*** Opening of Dataset extract ***
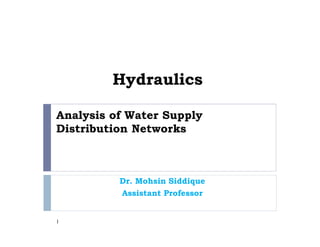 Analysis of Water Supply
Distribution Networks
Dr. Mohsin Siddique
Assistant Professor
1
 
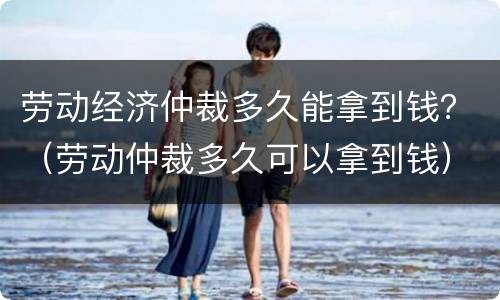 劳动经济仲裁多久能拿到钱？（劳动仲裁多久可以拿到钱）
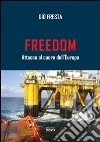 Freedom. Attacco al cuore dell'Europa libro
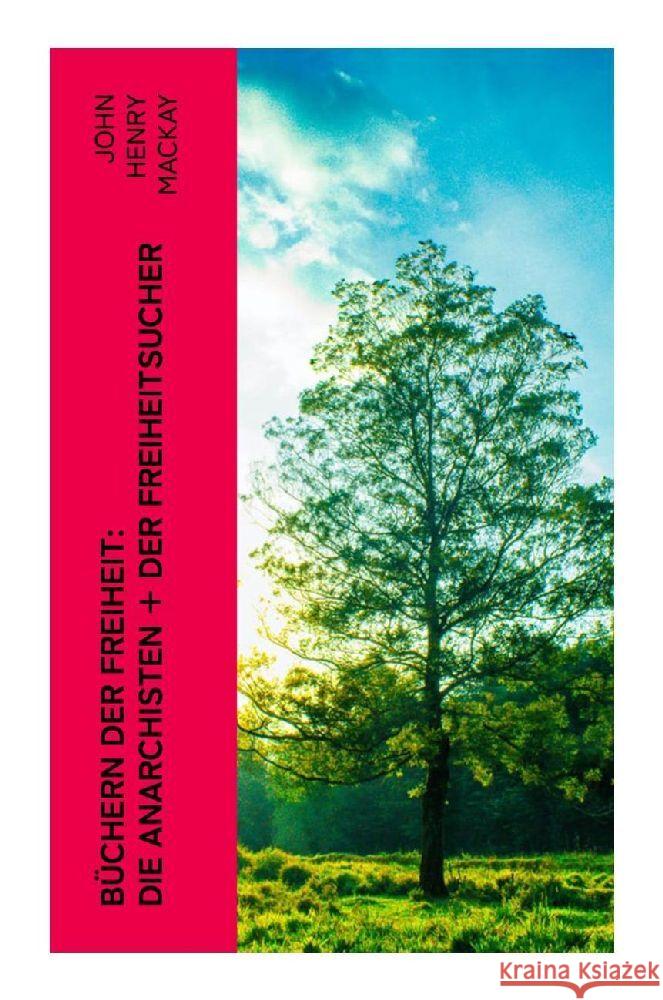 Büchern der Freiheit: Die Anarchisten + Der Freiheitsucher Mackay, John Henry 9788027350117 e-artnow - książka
*** Close of Dataset extract ***
Exercise instructions: Once more, give the listing above exactly, leaving each picture out.

Output:
 Analysis of Water Supply
Distribution Networks
Dr. Mohsin Siddique
Assistant Professor
1
 
 劳动经济仲裁多久能拿到钱？（劳动仲裁多久可以拿到钱）
 Freedom. Attacco al cuore dell'Europa libro
 Büchern der Freiheit: Die Anarchisten + Der Freiheitsucher Mackay, John Henry 9788027350117 e-artnow - książka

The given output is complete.